A receiver 12 is shown located at a desired depth in the borehole 14. For the location of the receiver 12, energy would be reflected from the subsurface strata 15 at point 16. The output produced from receiver 12 is recorded by the recording truck 17. In VSP, the receiver 12 would typically be moved to a new location for each shot with the distance between geophone locations being some constant distance such as 50 feet. More commonly, an array of receivers spaced apart by some desired distance could be utilized and/or a plurality of sources spaced apart could be used. Usually, there is an array of receivers: use of a single receiver is rare.
Data obtained by VSP has the appearance of that illustrated in FIG. 2. Wyatt discusses the use of a processing technique called the VSP-CDP method by which VSP data such as those shown in FIG. 2 may be stacked to produce an image of the subsurface of the earth away from the well.
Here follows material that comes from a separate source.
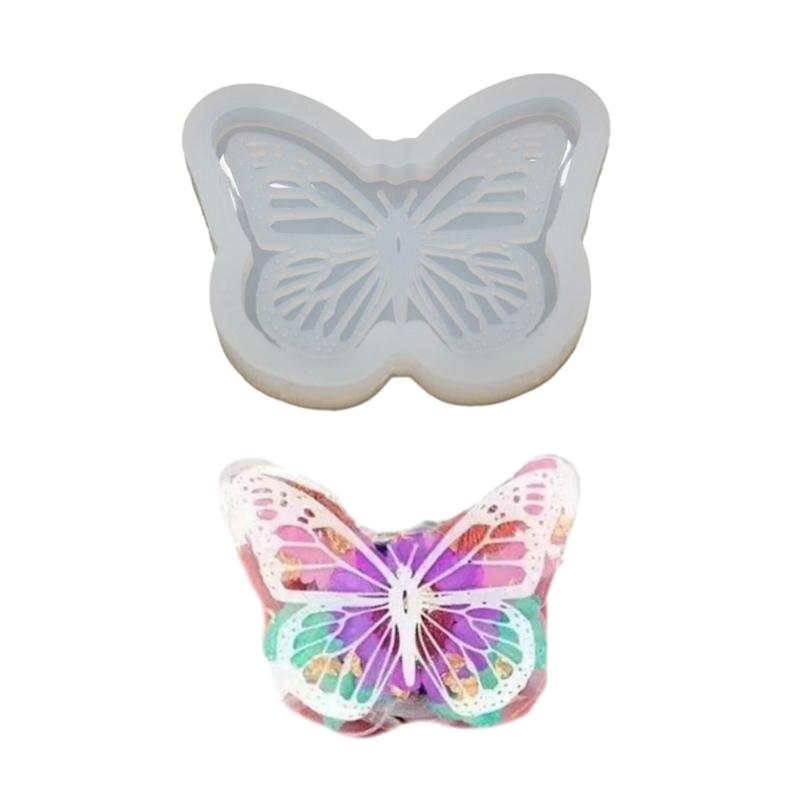 Кристалл Силиконовая форма для сережек-капель Формы для ушей в форме бабочки Силиконовые формы для изготовления ювелирных изделий и поделок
One of the problems with VSP data is the strong downgoing signals that mask the reflection signals that are indicative of the structure of the earth below the receiver array. Accordingly, a method called VSP wavefield separation is used in the processing of 3-D VSP data. The result is the individual extraction of the different kinds of regular waves present in the data: upgoing and downgoing P and S waves and tube waves.
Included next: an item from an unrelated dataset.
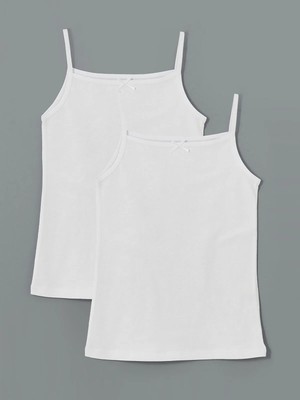 Lc Waikiki Yeni Sezon Kare Yaka Kız Çocuk Atlet 2'li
A 3-C VSP wave-by wave separation approach was proposed by Blias (2005, 2007). This method models and subtracts each regular wave. After some modification, it also can be used to separate different waves (primaries and multiples) from surface seismic data. To use this approach, one needs to manually pick time events for each regular wave. For 1D and 2D VSP data, the amount of manual picking is relatively small. For 3-D VSP, the large number of shots dictates that the apparent velocity of each regular wave is dependent upon the source to receiver direction and the offset distance. Picking each wave is therefore a major time-consuming task. The present disclosure addresses the problem of automatic picking of VSP data. Automatic picking also leads to the strongest wave, which may have different type from one gather to another. Sometime, we cannot see all waves on the input VSP gather. This makes manual picking impossible for all waves, and requires additional manual picking after extraction strong events. However, after subtraction strong events, weak events could be recognized by automatic picking (3-C velocity analysis). This provides essential decreasing of manual work in 3-D VSP wavefield separation.